I was looking and I dont see where Gambler makes a crankbait. 

Do they?


----------



## ncraft150 (Apr 5, 2004)

They used to have crankbaits at least. Land Big Fish sold them last year. High priced. Around $15. I have a handfull of Gambler stuff that they dont make anymore. Like spinnerbaits and some tubes. The soft plastics say Gambler real big right across the package, but the other lures had a different name and then in small writing the words "By Gambler". They may have stopped making the chatterbait style bait also. I can't find any and they aren't on their website either. I still have a couple.


----------



## ncraft150 (Apr 5, 2004)

Man was it tough.

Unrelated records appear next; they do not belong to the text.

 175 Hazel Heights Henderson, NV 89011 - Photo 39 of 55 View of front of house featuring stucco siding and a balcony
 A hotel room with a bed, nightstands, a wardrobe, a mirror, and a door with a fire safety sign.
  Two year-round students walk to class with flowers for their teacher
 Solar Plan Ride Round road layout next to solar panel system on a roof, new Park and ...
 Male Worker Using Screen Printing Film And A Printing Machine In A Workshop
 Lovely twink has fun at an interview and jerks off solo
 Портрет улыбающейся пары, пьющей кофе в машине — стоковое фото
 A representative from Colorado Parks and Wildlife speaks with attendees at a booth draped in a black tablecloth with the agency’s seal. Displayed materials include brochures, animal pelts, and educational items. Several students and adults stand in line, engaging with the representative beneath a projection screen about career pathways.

Had a pig break me off and only managed 3 more fish. I loved fishing all day with my son even thoguh he didn't draw my name to win one of the rod and reel combos, lol.


----------



## junkyardbass (Mar 19, 2006)

I didn't realize that was you and your son or I would have stoped and introduced myself and said hi. We had a tough day too. Weighed in 4 fish for a whopping 5lb even.


----------



## WB185Ranger (May 18, 2006)

Nice fish ncraft and it looks like your son had a Blast!  We were at The Fin yesterday and they had a few crankbaits made by Gambler at 50% off, if anyone was still looking for them. WB


----------



## Tengauge (Mar 31, 2009)

Does anyone know the results of the weigh in? What won and what was the least amount of weight that placed?
thanks


----------



## ncraft150 (Apr 5, 2004)

6# placed. I know it was over 10 to win. Big fish was 4.71#. Gambler will post it on their web site, but the numbers are not posted yet.


----------